Fish and Cherries Productions

Creative content from a mad mind.

May-31-2019

Reel Snippet – Pokémon: Detective Pikachu

I wanna be the very best, like no one ever was~

Summary: In a world where humans live alongside fantastic creatures called Pokémon, Ryme City exists as a place where they can live and work together in harmony without battles or captures. But young Tim Goodman (Justice Smith) is coming into town for a much sadder reason: his father Harry was killed in an accident. When looking through his apartment and getting his affairs in order, he comes across a Pikachu in a hat (Ryan Reynolds) who Tim can surprisingly understand. Turns out, this Pikachu was Harry’s partner and believes that he might still be alive, but some foul play might be at work. Together with a young reporter named Lucy (Kathryn Newton) and her Psyduck partner, Tim and Pikachu follow the clues to track down Harry and whatever twisted scheme he got himself wrapped up in.

Review: Pokémon: Detective Pikachu is a perfectly basic movie with some Pokémon dressing.
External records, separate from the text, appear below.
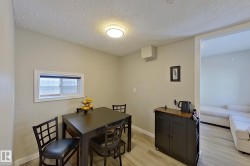 This dining area features light-colored walls and a window with blinds, providing natural light - 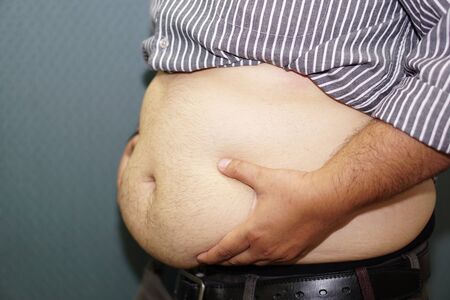 Overweight Asian woman show fat belly at office.の写真素材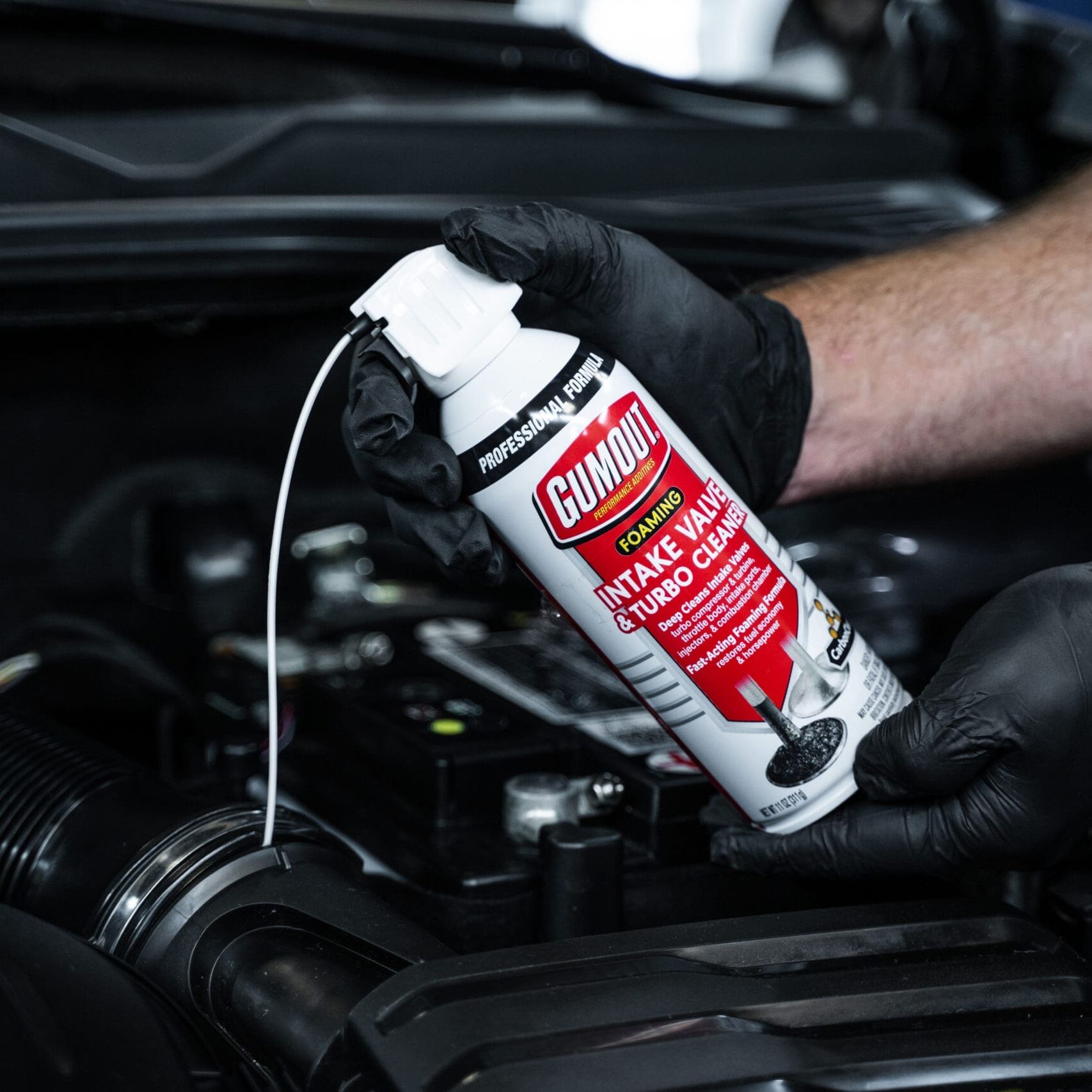 Gloved hands hold a Gumout intake valve cleaner spray can over a car engine bay, ready to spray cleaner into the engine section.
The plot follows familiar beats and a standard plot, though it still manages to have a few surprises. The characters are likable enough and put in a decent performance, though sometimes I felt that Ryan Reynolds’… Ryan Reynolds-ness works a lot better in Deadpool than it does here. Still, I have to give credit to the visual team for being able to walk the line of realistic and cartoonish for the Pokémon designs, coming up with something that’s extremely faithful to the original designs and doesn’t look butt ugly in a live action movie (looking at you, Sonic movie).

OH CHRIST!

When the movie started, I was worried about how well people uninitiated with the Pokémon franchise would be able to follow it. Thankfully, I was able to exhale as the newcomers I talked to said they were able to follow it perfectly fine and didn’t feel overwhelmed by information or backstory. That’s always something I fret about with adaptations or movies of franchises that have been going on for a long time because it’s very easy to make the story so dense with facts and inside jokes. There are certainly a fair share of in-jokes to be sure (like the Jigglypuff with the microphone from the cartoon), but they’re the kind that aren’t intrusive and won’t leave people lost if they don’t catch them.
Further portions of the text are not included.